Real estate down, bankruptcy up
The firms offer fairly consistent feedback on how various practice sectors are performing. Real estate remains down. Bankruptcy practice has been strong, with the firms getting work from debtors as well as creditors. Healthcare has been stable. Litigation has been steady, but did not meet general expectations that it would improve in 2010.

“Businesses are making different litigation choices now than in the past,” Crockett said.

Merger and acquisition work is showing signs of life. News reports for the past year indicate disciplined corporations have piled up more than $1 trillion in unspent profits – economic and regulatory uncertainty making them reluctant to hire or use on capital projects – that are going partially toward acquiring those who look undervalued.

Merger and acquisition activity begins in New York and spreads outward, Frazier said, and MMLK has picked up three major projects.
Because it has been such a tough two-plus years across the spectrum of the business world, law firms, like other businesses, have had to put more effort into in house-accounts-receivable work.

Clients have slowed their payments, Crockett said, with payment realization down 1-1.5 percent at Frost Brown Todd. He termed it “significant to us” but not as big a problem as some large firms are experiencing.

“We understand our clients’s problems and hope they understand ours,” he said. “We are a law firm, not a bank.”

“You want to work with clients,” Frazier said. “We’re in this together.”

MMLK created a full-time position to work exclusively on accounts receivable, he said, and has created or agreed to a variety of new payment plans.
“In the end it’s a cash flow business,” he said. “You have to collect billings to keep the lights on.”

Meanwhile, the billable hour remains by far the most-used legal fee relationship, the Kentucky firm managers all report, contrary to news accounts in recent years of its demise. There are plenty of alternative fee agreements, for instance, flat charges for services in which there’s little likelihood of encountering surprises.

“But at the end of the day, our clients still ask for the hourly rate basis,” Penn said. “People are familiar with how that works.”

Trends: elder law, efficiency
As for rising trends in legal services, Penn said elder law practice is becoming a hot topic. Baby boomers are moving into their retirement years, and ELPO is handling more legal issues related to growing older such as estate and long-term-care planning along with disputes involving health and nursing-home care.

Crockett sees continued pressure on firms to become more efficient.
“Those firms that will be winners the next five or 10 years are those that are the most nimble and innovate, those firms that deliver a high and consistent work product.”

Frazier believes that ongoing merger and acquisition activity could lead to revival in the commercial real estate sector.

Larger firms will be conservative and continue hiring smaller first-year classes, Crockett said, with return of the 2000-08 boom times unexpected for the foreseeable future. Frost Brown Todd, he said, has rebuilt its first-year lawyers program – new hires now aim for 1,000 billable hours and 1,000 training hours versus a former goal of 1,800 billable hours their first year. The 1,800-hour expectation for all associates does apply in the second year and onward.

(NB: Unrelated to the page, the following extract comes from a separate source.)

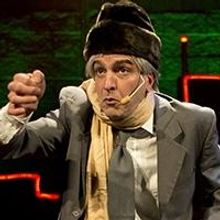 Chicago Shakespeare Presents A Q BROTHERS CHRISTMAS CAROL, Thru 12/31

MMLK has a growing specialization in its lobbying and government relations operation, which has been built from founder Terry McBrayer’s extensive political background – including three state House terms in the 1960s and ’70s, a run for governor, and serving as point person for President Bill Clinton in the state during his eight years in office. Long prominent in government relations in Frankfort, the firm opened a Washington office in 2010.

ELPO has a significant manufacturing client practice, mostly automotive suppliers. That sector had a good year in 2010, Penn said, and expects 2011 to be even better. Overall, the firm expects a slight improvement this year.

“We’re cautiously optimistic. We expect there to be an increase in our business, but we’re not expecting a big spike,” Penn said. “Any upward direction is good, right?”